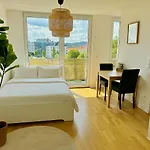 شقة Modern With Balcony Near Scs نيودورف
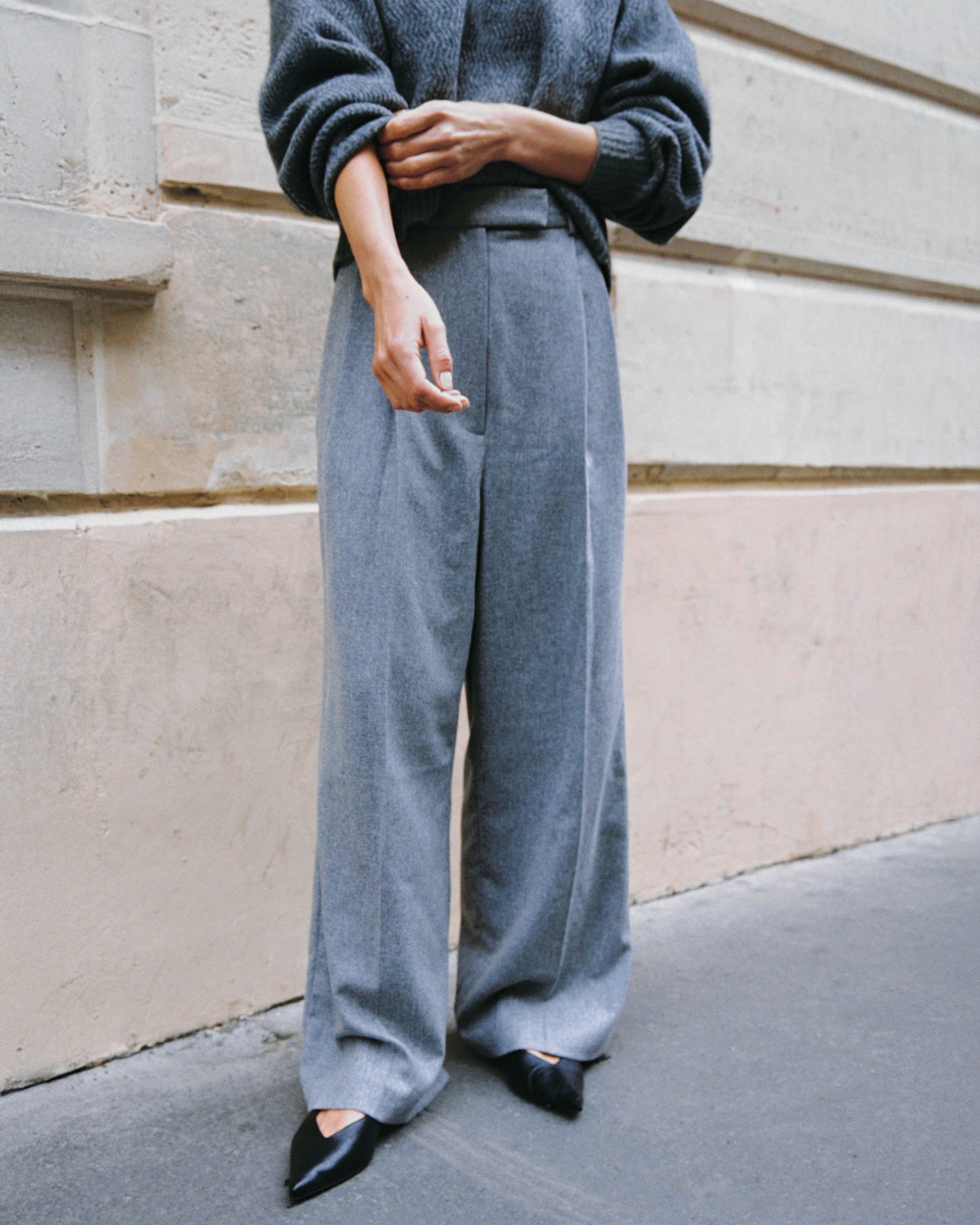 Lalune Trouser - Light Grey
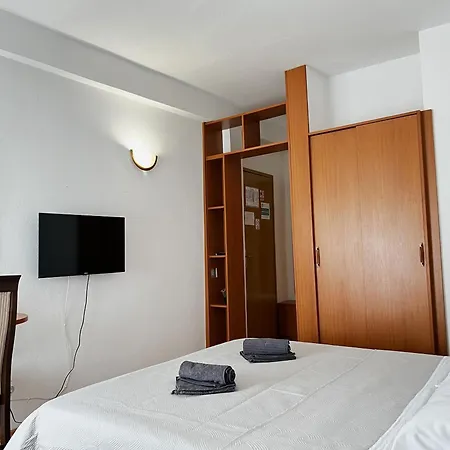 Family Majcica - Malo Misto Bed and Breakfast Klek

::::

> **Task requirements**
Pictures stay out; everything else in the listing above gets repeated exactly.

> **Written answer**
 شقة Modern With Balcony Near Scs نيودورف
 Lalune Trouser - Light Grey
 Family Majcica - Malo Misto Bed and Breakfast Klek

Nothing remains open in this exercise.